What the hell?
Thunder cracks overhead, snapping me back.
Okay.
Car’s dead. Middle of nowhere. Storm coming.
What now?
I grab my phone and almost call Reid.
Almost.
Then I stop.
No.
I call AAA instead.
“Thank you for calling AAA. Your call may be recorded for quality assurance. If this is a roadside emergency, please stay on the line.”
After a few prompts, a voice comes through. “Hello, my name is Melissa, and it is my pleasure to assist you. How can I help you today?”
“Hi, um—my car just broke down. I’m on the side of the road, and there’s a storm coming.”
Silence.
I frown. “I need help.”
The line cuts out.
I pull the phone back and stare at the screen.
No service.
“Fuck!” I slam my hand against the steering wheel. “Why is everything going wrong today?”
Thunder answers, louder this time. Getting closer. The sky darkens to an ominous copper color.
And then, just a few drops at first, but rapidly picking up the pace, the rain comes down in earnest.
CHAPTER 28
Luke
The silence between us yawns like a chasm, thick and heavy, pressing in from all sides as I stare at the untouched glass of bourbon in front of me. The ice has melted just enough to dull the color, the amber now slightly cloudy under the low bar lights, condensation gathering on the outside and pooling on the scarred wood beneath it.
I was on a roll earlier, working through drinks like they might take the edge off, but I haven’t touched this one since I poured it. Reid totally killed whatever buzz I had going the second he walked in.
I don’t know how long we’ve been sitting here without speaking. Long enough for the noise of the bar—a local radio station playing rock classics at low volume, the hum of conversation, the occasional burst of laughter, the clink of glassware, the door opening and closing—to fade into something distant and irrelevant. The mood between us has shifted from sharp and heated to something worse. Not calm. Not resolved. Just… stalled. Awkward in a way that feels heavier than the argument did.

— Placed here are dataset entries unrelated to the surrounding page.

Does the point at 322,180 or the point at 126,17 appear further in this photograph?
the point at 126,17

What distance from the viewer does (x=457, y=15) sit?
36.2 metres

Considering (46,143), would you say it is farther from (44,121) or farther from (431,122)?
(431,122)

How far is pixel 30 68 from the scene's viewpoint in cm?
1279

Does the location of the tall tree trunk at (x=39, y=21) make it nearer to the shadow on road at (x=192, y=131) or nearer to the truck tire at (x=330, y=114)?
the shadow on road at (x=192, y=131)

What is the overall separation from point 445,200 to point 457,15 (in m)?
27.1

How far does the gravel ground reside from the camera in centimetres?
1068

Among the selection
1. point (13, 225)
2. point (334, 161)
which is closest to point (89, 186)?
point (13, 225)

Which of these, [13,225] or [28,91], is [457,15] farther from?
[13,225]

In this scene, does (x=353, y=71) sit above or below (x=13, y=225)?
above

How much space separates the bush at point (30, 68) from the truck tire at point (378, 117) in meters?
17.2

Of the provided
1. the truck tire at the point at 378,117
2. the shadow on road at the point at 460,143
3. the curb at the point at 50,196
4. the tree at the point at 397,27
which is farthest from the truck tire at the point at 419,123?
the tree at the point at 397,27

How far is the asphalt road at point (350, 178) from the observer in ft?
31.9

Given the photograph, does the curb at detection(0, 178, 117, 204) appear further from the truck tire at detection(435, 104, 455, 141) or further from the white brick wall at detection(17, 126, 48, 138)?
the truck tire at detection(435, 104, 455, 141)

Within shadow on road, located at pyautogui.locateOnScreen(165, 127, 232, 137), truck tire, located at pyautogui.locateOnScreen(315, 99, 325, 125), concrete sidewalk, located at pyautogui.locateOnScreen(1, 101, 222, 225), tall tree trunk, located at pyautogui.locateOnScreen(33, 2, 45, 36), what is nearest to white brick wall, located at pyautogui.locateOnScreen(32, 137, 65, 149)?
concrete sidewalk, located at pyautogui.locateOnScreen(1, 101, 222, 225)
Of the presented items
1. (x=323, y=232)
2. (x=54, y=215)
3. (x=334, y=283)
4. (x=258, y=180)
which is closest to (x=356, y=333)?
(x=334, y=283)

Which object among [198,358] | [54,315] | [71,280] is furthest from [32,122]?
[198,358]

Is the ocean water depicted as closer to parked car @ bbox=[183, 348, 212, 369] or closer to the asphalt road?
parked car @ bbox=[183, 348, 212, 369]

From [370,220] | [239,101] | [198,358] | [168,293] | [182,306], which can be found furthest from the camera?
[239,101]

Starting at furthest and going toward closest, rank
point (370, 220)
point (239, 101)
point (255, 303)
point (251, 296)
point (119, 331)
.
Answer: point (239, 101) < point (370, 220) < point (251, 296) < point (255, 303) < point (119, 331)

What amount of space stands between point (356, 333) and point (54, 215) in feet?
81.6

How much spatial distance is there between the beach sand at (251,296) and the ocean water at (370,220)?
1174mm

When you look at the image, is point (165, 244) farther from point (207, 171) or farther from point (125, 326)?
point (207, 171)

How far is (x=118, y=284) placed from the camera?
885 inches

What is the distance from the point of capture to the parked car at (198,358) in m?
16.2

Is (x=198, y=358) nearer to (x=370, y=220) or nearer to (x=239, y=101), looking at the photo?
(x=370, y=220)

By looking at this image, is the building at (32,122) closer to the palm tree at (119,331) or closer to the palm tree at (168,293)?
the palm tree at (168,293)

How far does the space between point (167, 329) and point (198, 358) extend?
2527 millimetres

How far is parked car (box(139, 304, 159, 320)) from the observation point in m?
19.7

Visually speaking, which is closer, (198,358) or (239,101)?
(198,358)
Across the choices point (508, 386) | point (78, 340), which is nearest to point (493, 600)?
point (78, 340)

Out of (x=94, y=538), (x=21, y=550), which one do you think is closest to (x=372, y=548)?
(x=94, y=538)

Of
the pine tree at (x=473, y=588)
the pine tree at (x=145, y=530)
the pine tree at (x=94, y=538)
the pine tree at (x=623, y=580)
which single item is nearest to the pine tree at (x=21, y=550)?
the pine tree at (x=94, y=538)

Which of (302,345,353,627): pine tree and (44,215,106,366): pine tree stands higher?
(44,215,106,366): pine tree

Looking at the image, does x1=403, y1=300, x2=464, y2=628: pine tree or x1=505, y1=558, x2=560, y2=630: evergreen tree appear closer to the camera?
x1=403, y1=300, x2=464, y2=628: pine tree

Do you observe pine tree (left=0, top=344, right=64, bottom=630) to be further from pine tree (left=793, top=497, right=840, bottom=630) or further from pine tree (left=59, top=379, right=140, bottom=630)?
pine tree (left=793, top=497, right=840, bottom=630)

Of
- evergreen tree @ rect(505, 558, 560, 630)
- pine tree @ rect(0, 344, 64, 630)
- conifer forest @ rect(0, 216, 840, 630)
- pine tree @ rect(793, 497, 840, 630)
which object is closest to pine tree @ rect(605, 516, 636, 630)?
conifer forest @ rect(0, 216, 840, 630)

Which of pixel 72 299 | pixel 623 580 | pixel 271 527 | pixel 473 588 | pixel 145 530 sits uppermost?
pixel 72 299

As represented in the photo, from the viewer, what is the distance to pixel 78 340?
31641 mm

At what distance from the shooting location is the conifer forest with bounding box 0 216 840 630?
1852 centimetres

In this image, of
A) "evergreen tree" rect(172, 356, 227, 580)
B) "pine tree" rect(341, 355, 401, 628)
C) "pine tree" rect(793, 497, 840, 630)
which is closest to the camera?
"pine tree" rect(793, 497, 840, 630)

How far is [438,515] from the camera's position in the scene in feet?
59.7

He hasn’t said anything because he can’t answer the damned question. I can see it in the way his jaw tightens, in the way hekeeps his eyes fixed somewhere over my shoulder like there’s something worth studying in the grain of the wall. I can hardly blame him. I can’t answer it either.

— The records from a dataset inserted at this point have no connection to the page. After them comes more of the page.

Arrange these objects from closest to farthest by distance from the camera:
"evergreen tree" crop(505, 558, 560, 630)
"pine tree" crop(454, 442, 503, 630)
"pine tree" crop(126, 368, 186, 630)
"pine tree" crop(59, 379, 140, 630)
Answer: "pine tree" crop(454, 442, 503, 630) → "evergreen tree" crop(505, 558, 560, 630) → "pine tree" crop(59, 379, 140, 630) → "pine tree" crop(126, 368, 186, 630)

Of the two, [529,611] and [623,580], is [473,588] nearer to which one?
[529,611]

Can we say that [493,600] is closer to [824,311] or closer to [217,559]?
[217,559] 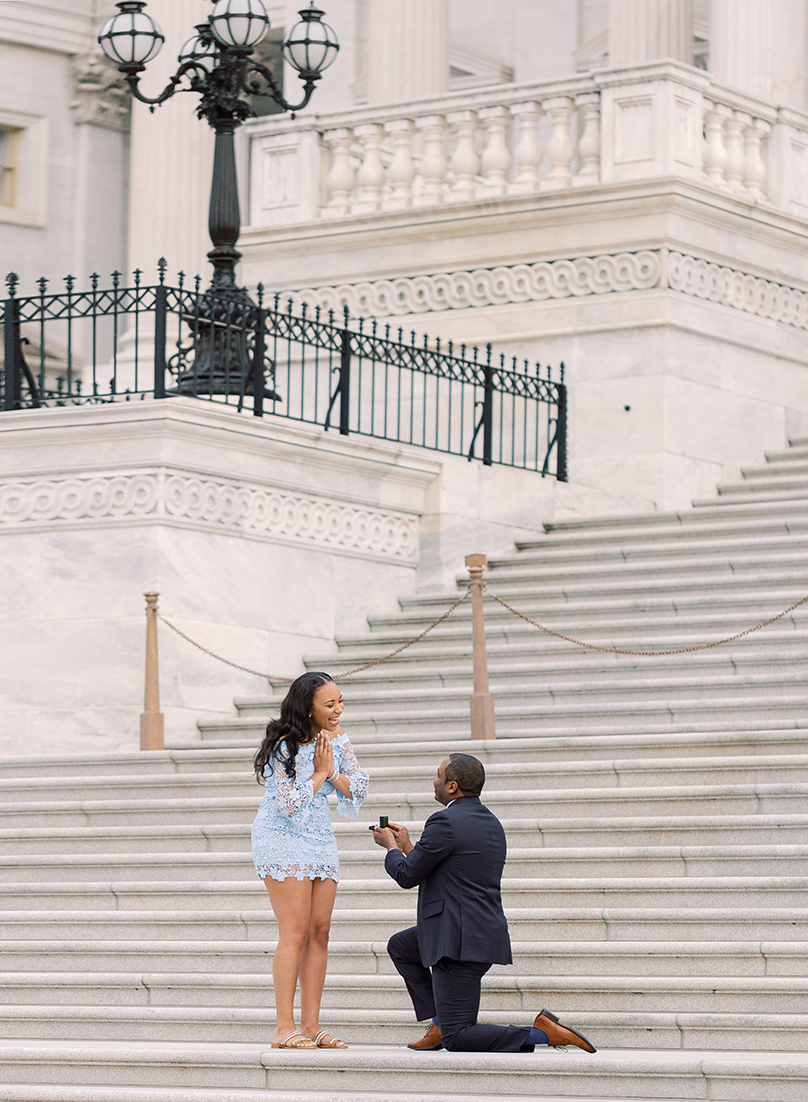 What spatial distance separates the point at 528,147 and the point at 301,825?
39.9 feet

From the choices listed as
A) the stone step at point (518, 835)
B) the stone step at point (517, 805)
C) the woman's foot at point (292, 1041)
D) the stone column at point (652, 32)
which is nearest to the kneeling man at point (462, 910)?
the woman's foot at point (292, 1041)

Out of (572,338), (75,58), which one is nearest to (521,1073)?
(572,338)

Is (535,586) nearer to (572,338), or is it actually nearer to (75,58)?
(572,338)

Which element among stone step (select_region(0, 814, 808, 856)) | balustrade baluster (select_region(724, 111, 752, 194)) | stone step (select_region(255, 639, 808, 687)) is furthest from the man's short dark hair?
balustrade baluster (select_region(724, 111, 752, 194))

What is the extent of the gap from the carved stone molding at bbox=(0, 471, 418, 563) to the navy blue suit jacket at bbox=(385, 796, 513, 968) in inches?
263

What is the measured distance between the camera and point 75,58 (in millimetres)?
32500

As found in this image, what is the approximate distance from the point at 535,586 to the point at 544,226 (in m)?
4.53

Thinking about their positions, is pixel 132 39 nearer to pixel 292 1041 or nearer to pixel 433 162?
pixel 433 162

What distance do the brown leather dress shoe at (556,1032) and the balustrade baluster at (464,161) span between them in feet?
40.3

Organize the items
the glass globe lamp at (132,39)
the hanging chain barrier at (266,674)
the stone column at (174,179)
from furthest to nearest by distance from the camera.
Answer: the stone column at (174,179)
the glass globe lamp at (132,39)
the hanging chain barrier at (266,674)

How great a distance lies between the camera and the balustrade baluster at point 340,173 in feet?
70.5

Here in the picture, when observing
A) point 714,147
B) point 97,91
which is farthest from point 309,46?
point 97,91

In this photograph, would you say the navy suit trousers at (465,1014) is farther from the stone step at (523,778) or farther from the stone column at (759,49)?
the stone column at (759,49)

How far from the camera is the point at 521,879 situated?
11352 mm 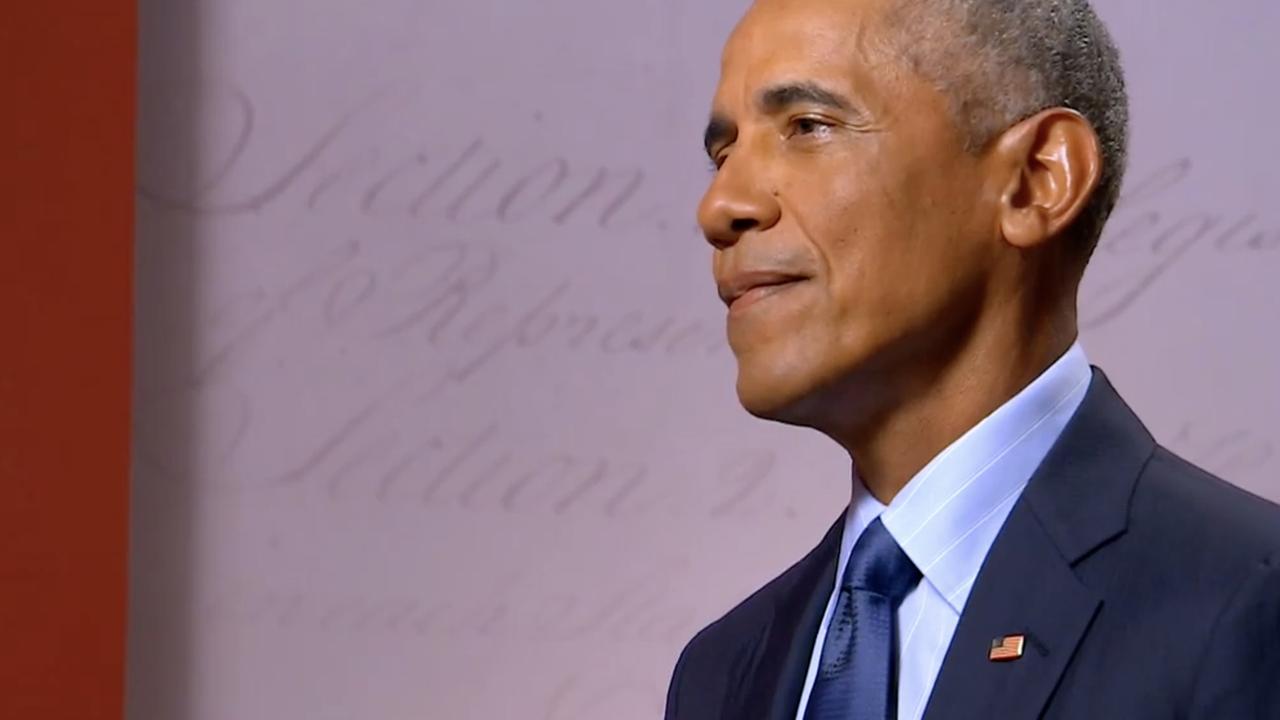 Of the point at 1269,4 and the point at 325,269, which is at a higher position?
the point at 1269,4

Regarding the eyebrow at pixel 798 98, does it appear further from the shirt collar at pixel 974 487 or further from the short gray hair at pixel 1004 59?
the shirt collar at pixel 974 487

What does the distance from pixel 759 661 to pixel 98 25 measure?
85 cm

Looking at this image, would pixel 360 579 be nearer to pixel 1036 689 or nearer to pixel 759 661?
pixel 759 661

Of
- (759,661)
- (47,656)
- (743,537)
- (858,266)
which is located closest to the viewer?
(858,266)

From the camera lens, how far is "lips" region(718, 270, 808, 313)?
43.9 inches

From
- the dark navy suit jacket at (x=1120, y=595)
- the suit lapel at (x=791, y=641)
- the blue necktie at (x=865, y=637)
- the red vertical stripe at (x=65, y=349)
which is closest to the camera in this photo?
the dark navy suit jacket at (x=1120, y=595)

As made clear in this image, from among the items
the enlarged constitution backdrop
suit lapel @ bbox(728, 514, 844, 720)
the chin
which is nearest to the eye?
the chin

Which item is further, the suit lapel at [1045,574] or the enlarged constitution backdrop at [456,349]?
the enlarged constitution backdrop at [456,349]

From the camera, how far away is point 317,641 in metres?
1.73

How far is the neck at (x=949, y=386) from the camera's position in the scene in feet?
3.67

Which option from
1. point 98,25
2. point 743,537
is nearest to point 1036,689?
point 743,537

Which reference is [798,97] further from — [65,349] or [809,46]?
[65,349]

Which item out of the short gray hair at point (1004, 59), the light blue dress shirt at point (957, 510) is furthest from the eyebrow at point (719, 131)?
the light blue dress shirt at point (957, 510)

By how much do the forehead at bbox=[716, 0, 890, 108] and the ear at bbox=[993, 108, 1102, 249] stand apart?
0.09m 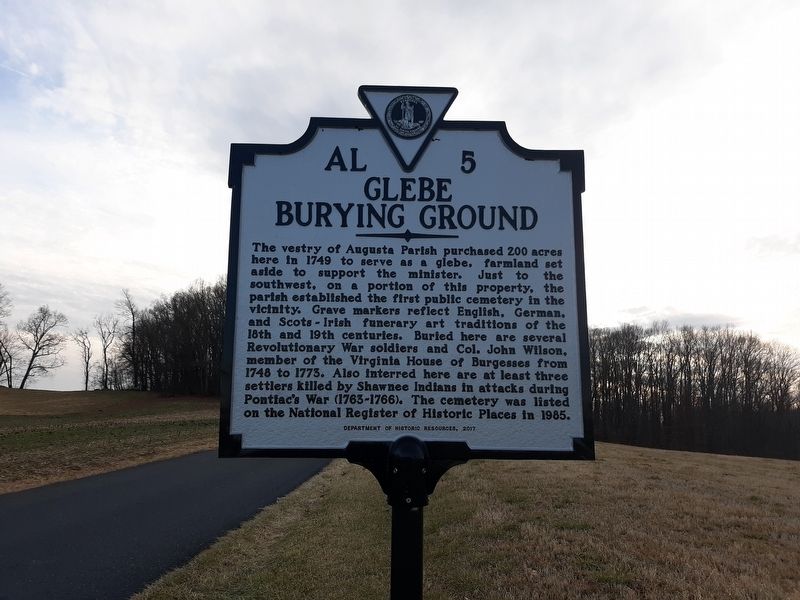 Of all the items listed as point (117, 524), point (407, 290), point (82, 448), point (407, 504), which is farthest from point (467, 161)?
point (82, 448)

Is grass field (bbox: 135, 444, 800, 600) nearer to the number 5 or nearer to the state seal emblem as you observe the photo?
the number 5

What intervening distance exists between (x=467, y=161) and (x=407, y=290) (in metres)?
0.87

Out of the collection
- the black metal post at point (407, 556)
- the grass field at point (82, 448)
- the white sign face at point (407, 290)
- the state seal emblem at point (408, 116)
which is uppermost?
the state seal emblem at point (408, 116)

We’ve landed ourselves with an impossible problem—a dilemma with no clean way out. I’ve turned it over again and again in my head, looking for some version where we all walk away at least okay. But there isn’t one.
Seems Reid’s hit the same wall. All we can do is sit here, drink, and let it hang between us—that low, gnawing awareness that whatever happens next is going to cost us something. Maybe a lot. Maybe everything.
I roll the glass between my fingers, watching what’s left of the bourbon shift, then sneak a glance at Reid. He hasn’t moved. Still staring past me, still somewhere else entirely. Probably thinking about Sierra. Not a hard guess, considering I’m doing the same.